▶ **Goal of the exercise**:
Return the lines of the listing below exactly as they appear, beginning at the one with "Why Kitchen Duties" and stopping after the one with "снайпер смотреть онлайн"; do not include pictures.

____ Data for this exercise

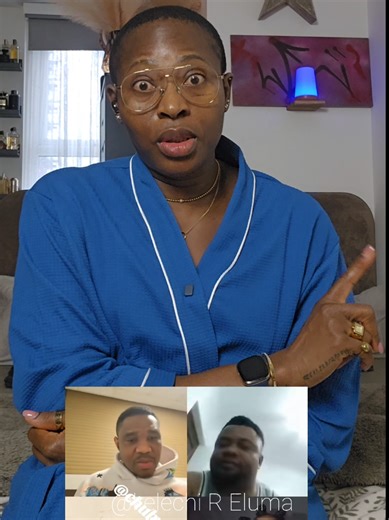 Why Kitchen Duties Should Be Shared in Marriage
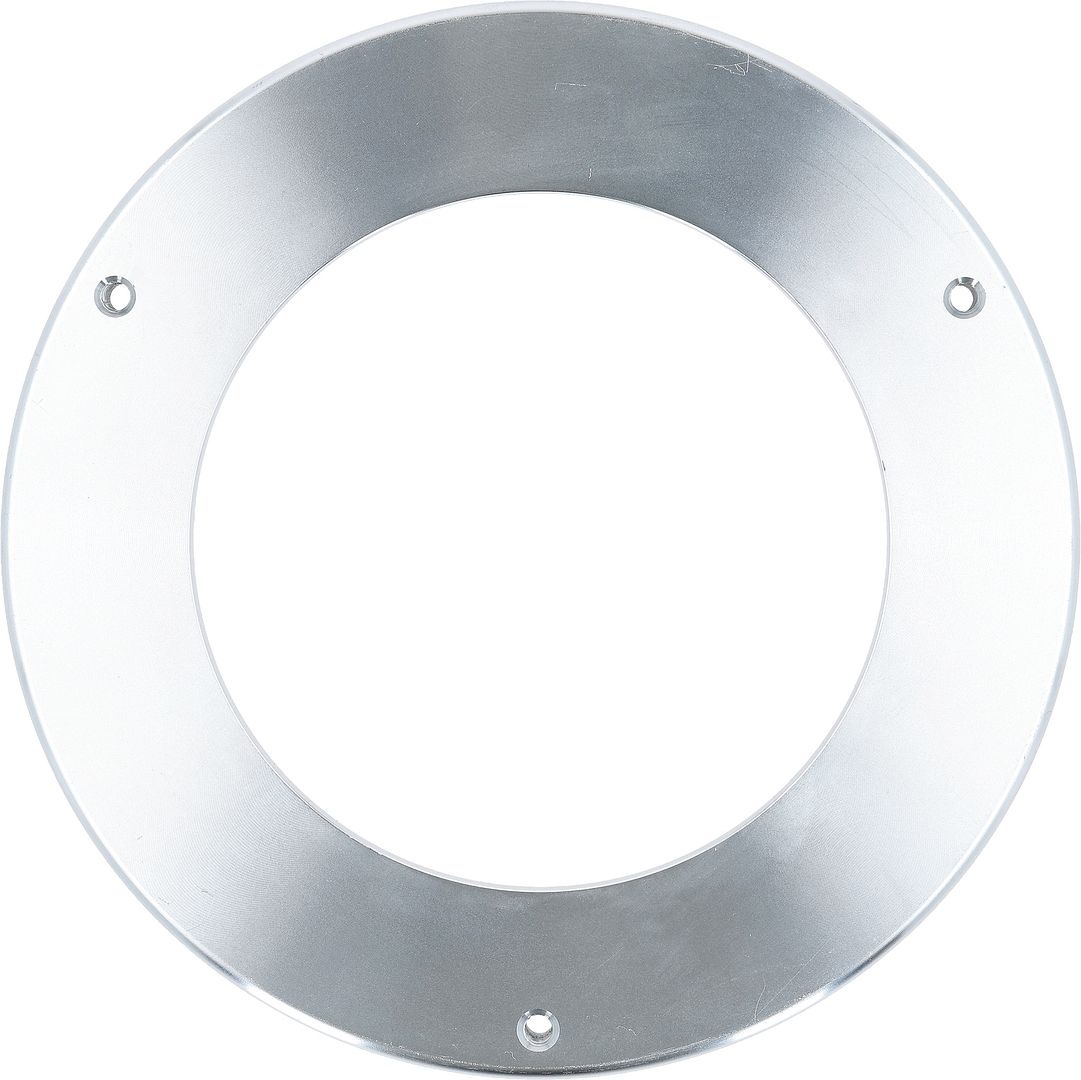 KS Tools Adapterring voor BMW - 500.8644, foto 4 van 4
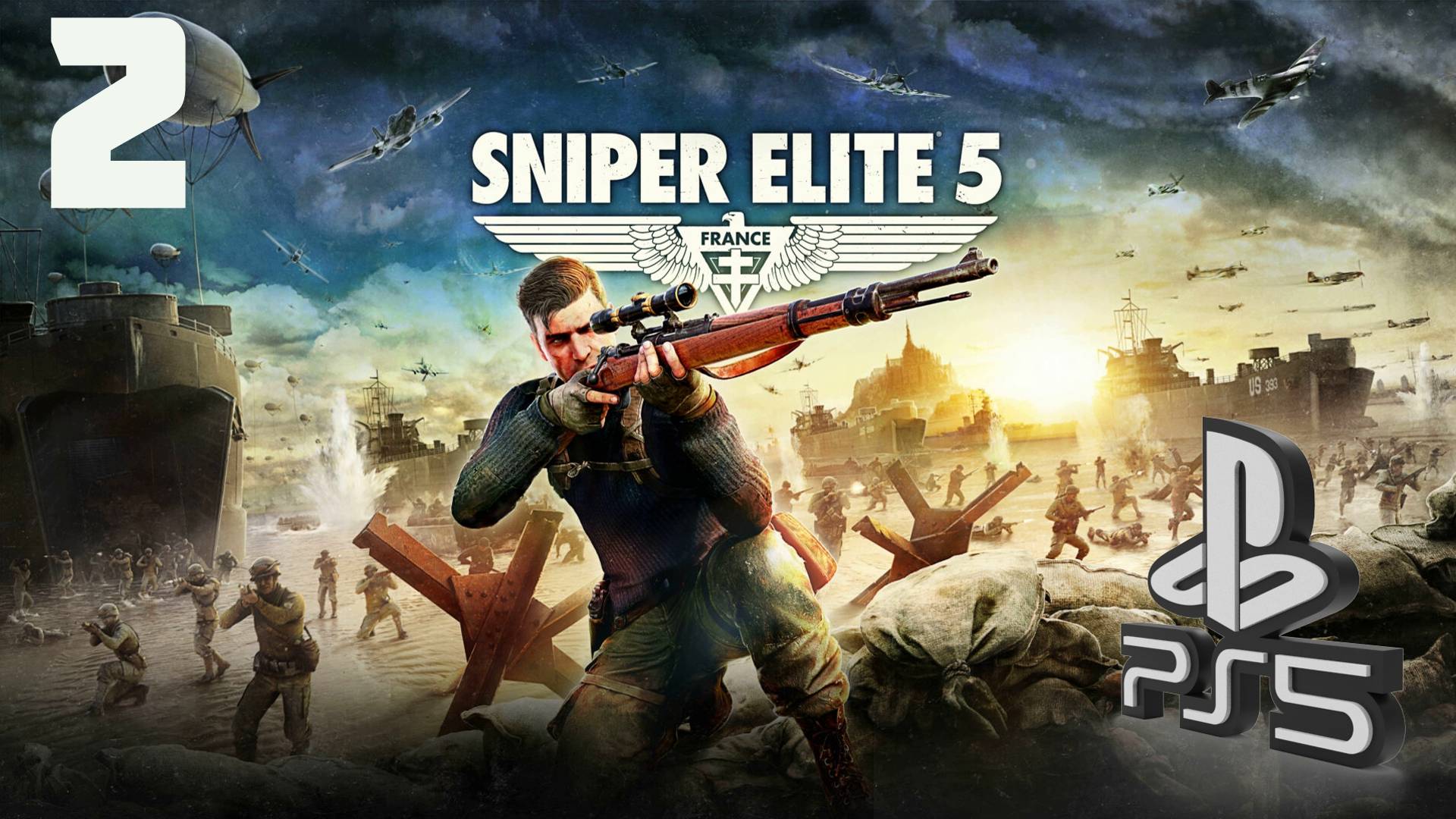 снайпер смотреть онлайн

________
____ Data for this exercise

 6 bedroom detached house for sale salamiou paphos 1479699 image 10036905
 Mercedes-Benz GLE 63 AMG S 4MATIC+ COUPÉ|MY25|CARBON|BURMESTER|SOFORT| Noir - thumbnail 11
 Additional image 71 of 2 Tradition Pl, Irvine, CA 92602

________

▶ **Solution to the exercise**:
 Why Kitchen Duties Should Be Shared in Marriage
 KS Tools Adapterring voor BMW - 500.8644, foto 4 van 4
 снайпер смотреть онлайн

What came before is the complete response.